# Pictures of Mocha *updated* w/ LOTS of pics!



## CuteHedgieGirl (Aug 28, 2009)

This is Mocha, she is my new baby. 

Posing with the flowers 









Look at those ears! :shock: 









Sittin in my hand  









Just walking around









I really like this picture! She looks so little and cute in it









Hidey face :| 









Grumpy face :x 









Walkin around on her hedgie bag









She likes me!









adorable









another cute pic









Ok, no more pictures.









"Leave me alone..." -Mocha 









Hope you enjoyed them


----------



## Ahava (Mar 25, 2009)

*Re: So...This is my new girl  ... *

awes what a sweet little girl. I hope everything will be okay with Mocha. Stay happy hunny!


----------



## Snickers Mom (Aug 31, 2009)

*Re: So...This is my new girl  ... *

AWEE. She is adorable. Good luck with this one I hope she makes you super happy.


----------



## hedgewawa (Apr 25, 2009)

*Re: So...This is my new girl  ... *

Best of luck to you and you girl Mocha. She is very cute. I know that Mocha will ease your heart.


----------



## CuteHedgieGirl (Aug 28, 2009)

NEW PICS!


----------



## Vortex (Aug 28, 2008)

awwww how cute!!! <3 shes beautiful


----------



## shetland (Sep 2, 2008)

What a beautiful little girl! I know her sweetness will help you to heal.


----------



## lane_m (May 20, 2009)

That hedgehog is adorable  

I love her markings.


----------



## FiaSpice (Jan 16, 2009)

She's so lovely and I love her markings


----------



## Shelbys Mom (Mar 27, 2009)

She is adorable!
Looks like she might be a chocolate pinto!
Or as I call my little chocolate pinto a little Cocoa Bean!

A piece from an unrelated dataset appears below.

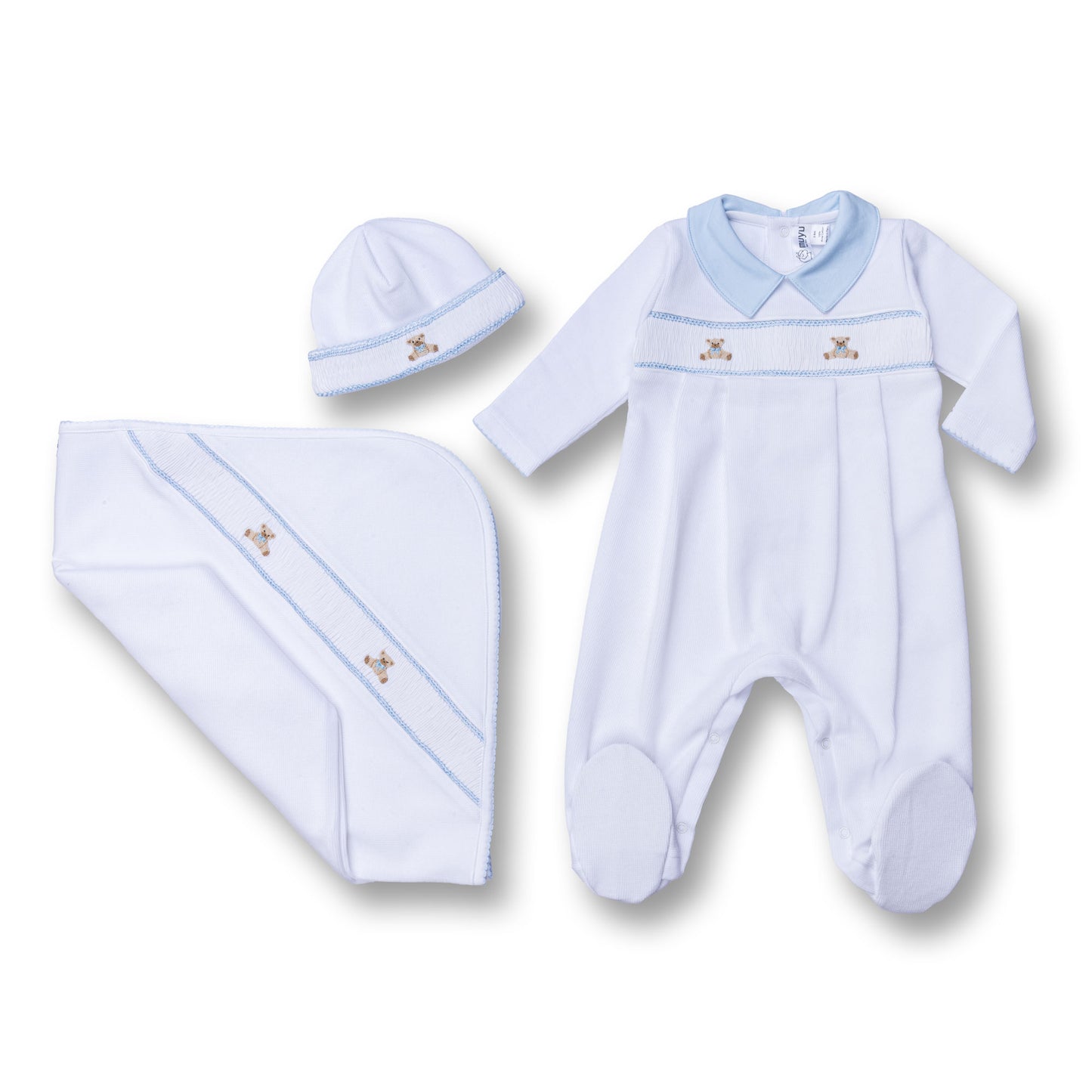 handmade smocked bear bundle (3 pcs)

In which case Mocha seems to be the perfect name for her.


----------



## AAdict (May 2, 2009)

gorgeous pinto girlie  congrats (and very sorry to read about Latte)


----------



## CuteHedgieGirl (Aug 28, 2009)

LOTS of new pics added to the additional new pics 

they are added to the top of the list!


----------



## Pipkin (Aug 26, 2009)

She is just gorgeous  a lovely colour, love her little blotch of white quills.

Sorry about Latte aswel  bet you were devastated. So young aswel. Shes up in Hedgie heaven now though god bless her.


----------



## shetland (Sep 2, 2008)

I really like the captions!!!!!!!!!!!


----------



## Nancy (Aug 22, 2008)

She is gorgeous and looks like a wonderful little girl.


----------